Yes, the ice cream sandwich is something of an Andrew Zimmern dare, but not much. Not really.
Bantam chef Katsuya Fukushima, who created the dessert based on Moroccan bastilla, surrounds the skin with so many other comforts that the fried bird epidermis can get lost among the pile up of ingredients. The ice cream sandwich is more literal than many of its kind: A couple of scoops of vanilla ice cream are sandwiched in a toasted King's Hawaiian bun, a roll sweetened with a touch of liquid sugar.
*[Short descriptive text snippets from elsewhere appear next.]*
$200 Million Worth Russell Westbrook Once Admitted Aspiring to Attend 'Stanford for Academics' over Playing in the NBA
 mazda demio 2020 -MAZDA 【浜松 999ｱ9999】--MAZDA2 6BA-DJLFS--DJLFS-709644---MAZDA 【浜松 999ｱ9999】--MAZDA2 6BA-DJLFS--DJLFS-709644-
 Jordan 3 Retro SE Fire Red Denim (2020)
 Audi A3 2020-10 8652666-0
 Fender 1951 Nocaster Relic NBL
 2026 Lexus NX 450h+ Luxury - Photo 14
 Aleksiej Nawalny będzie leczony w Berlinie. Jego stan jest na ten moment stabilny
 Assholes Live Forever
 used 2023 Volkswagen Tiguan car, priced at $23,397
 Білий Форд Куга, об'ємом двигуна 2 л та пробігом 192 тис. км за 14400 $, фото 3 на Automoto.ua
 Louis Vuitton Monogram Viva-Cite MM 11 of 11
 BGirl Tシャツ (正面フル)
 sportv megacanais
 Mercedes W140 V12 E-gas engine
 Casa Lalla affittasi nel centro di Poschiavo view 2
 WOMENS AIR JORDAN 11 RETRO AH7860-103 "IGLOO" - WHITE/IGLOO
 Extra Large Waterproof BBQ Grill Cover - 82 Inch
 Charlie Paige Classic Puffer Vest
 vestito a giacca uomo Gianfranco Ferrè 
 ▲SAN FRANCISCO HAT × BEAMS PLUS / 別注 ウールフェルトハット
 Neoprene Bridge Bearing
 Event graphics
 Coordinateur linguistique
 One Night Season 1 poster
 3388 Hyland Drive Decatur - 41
The skin is scattered atop the ice cream, and then the whole sandwich is sprinkled with powdered sugar, cinnamon and kinako, a roasted soybean flour often used as a garnish in Japanese desserts.
You'll probably notice the skin's texture before its flavor: It adds a brittle-like crackle to the sandwich, a bite otherwise soft and creamy. But should you hit a particularly rich deposit of skin, the flavor will wallop you upside the head. It's chicken to the power of 10, which makes sense, right? The same effect happens with cracklings: The fried (or baked) skin is a concentrated blast of flesh and fat, a flavor so porky it borders on the obscene.
But is it good?
That's a harder question to answer. Personally, I liked it. It's like the creamiest cream of chicken soup, but in semisolid form. But I suspect that, for many, this dessert will be a game of chicken, and they will be the first to swerve out of the way of the oncoming fried-chicken-skin ice cream sandwich.